*YOUR OBJECTIVE*
Your answer should hold the data exactly as given, minus any picture.

*SOURCE MATERIAL*

· · · ·

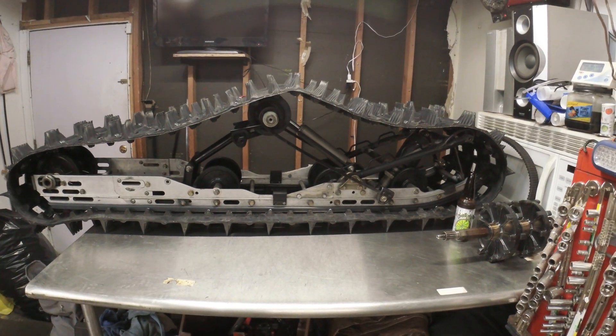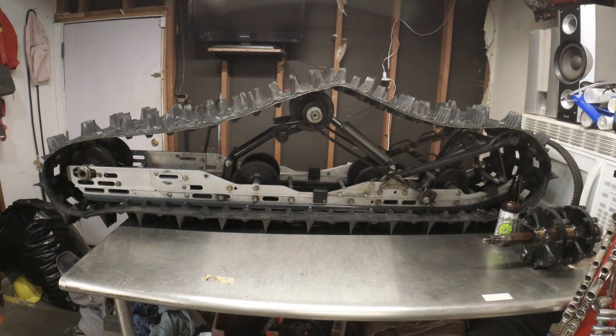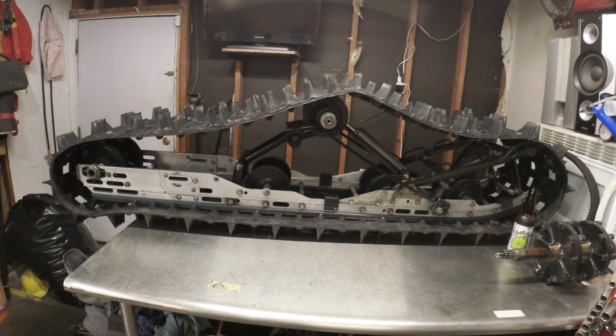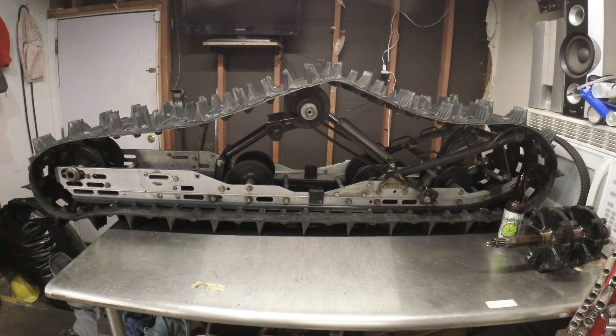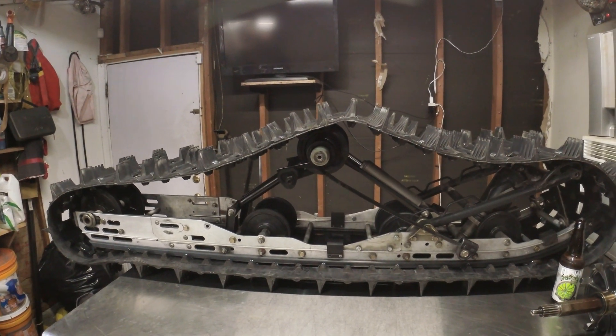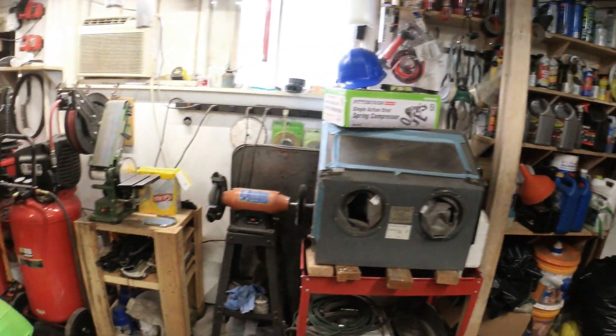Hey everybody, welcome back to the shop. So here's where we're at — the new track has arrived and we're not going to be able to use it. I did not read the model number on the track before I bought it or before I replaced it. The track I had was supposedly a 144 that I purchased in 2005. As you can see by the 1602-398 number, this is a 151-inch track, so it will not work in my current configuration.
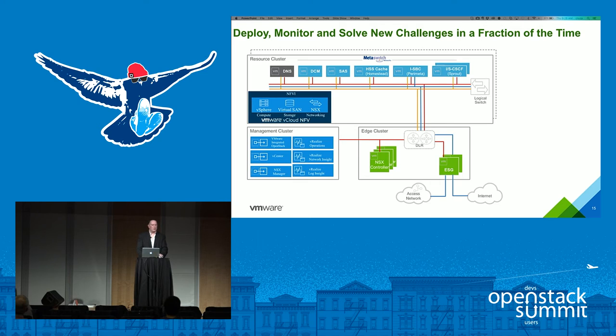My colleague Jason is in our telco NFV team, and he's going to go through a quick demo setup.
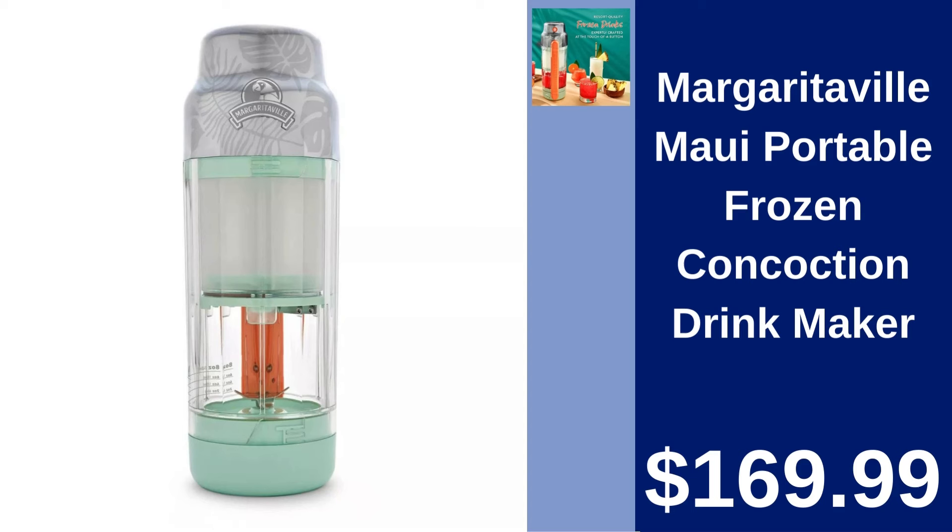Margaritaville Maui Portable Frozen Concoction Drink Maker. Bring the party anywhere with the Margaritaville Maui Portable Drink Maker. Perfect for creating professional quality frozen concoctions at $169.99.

· · · ·

*ANSWER TO THE EXERCISE*
Hey everybody, welcome back to the shop. So here's where we're at — the new track has arrived and we're not going to be able to use it. I did not read the model number on the track before I bought it or before I replaced it. The track I had was supposedly a 144 that I purchased in 2005. As you can see by the 1602-398 number, this is a 151-inch track, so it will not work in my current configuration.
My colleague Jason is in our telco NFV team, and he's going to go through a quick demo setup.
Margaritaville Maui Portable Frozen Concoction Drink Maker. Bring the party anywhere with the Margaritaville Maui Portable Drink Maker. Perfect for creating professional quality frozen concoctions at $169.99.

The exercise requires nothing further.